→ Problem details: The number of lines in the entries below holding the word "Bathroom" is all that is needed here.

(Web page caption snippets)
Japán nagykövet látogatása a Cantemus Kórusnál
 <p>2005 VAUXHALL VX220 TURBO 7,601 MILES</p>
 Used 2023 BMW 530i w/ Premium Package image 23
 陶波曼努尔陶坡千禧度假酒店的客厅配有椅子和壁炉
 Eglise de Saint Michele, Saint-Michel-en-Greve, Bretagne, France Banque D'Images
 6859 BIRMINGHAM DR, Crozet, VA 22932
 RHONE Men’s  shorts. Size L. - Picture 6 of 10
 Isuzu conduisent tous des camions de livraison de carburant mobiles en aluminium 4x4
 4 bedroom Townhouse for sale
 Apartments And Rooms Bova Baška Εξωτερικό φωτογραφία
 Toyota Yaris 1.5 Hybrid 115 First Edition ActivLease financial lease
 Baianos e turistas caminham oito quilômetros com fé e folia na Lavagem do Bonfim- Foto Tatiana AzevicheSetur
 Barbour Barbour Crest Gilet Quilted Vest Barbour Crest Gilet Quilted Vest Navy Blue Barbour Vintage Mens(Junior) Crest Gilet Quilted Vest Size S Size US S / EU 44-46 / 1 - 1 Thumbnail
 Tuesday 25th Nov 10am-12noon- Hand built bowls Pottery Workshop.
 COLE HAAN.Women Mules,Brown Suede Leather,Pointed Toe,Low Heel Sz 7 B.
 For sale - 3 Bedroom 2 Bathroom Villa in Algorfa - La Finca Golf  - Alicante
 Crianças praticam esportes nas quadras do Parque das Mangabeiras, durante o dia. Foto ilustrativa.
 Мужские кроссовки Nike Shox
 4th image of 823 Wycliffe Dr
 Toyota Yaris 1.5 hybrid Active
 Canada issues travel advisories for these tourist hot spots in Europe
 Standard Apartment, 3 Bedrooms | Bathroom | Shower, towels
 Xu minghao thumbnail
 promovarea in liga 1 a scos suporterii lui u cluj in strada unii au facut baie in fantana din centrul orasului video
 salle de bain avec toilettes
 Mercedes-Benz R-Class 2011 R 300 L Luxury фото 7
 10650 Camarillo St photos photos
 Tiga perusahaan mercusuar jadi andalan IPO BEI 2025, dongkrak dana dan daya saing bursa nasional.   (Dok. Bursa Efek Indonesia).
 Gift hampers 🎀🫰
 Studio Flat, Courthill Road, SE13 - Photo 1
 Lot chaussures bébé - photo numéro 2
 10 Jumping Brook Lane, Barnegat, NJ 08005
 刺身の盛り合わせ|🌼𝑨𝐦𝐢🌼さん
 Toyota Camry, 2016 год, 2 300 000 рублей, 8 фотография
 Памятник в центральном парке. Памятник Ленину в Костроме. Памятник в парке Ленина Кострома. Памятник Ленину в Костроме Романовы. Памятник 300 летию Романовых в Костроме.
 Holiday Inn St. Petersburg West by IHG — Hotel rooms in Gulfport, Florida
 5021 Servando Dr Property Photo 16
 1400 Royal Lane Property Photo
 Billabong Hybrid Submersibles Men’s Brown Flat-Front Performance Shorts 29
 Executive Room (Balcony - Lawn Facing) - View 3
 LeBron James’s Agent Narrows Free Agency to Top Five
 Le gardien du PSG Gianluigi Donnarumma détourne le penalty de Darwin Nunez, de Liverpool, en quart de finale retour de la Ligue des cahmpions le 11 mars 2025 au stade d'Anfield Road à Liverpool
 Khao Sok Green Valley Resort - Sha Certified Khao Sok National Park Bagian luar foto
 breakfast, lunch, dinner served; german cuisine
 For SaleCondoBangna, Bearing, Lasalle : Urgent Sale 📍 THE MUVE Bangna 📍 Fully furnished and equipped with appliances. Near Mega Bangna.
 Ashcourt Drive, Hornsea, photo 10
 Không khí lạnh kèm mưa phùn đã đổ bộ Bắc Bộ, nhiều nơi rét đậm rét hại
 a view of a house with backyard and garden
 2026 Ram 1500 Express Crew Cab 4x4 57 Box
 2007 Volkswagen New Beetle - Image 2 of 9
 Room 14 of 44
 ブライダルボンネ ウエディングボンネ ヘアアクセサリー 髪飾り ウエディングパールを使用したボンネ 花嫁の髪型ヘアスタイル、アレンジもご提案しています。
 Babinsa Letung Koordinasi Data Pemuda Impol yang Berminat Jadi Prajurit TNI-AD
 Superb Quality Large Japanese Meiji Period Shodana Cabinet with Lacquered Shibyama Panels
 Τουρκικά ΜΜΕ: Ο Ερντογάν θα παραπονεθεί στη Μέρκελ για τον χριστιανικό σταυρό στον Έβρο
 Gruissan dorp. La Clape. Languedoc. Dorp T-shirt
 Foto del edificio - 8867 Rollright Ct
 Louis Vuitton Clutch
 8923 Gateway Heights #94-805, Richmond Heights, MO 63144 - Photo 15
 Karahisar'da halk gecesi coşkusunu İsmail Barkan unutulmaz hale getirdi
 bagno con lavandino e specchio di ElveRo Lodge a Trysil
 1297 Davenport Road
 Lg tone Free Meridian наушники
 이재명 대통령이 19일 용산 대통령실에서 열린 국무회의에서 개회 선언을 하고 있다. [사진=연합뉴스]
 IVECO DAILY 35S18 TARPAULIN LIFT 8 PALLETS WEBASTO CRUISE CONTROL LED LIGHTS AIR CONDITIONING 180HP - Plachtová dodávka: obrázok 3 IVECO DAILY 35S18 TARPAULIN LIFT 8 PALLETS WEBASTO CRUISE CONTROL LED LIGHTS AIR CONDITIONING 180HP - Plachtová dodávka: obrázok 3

→ Answer to this problem: 2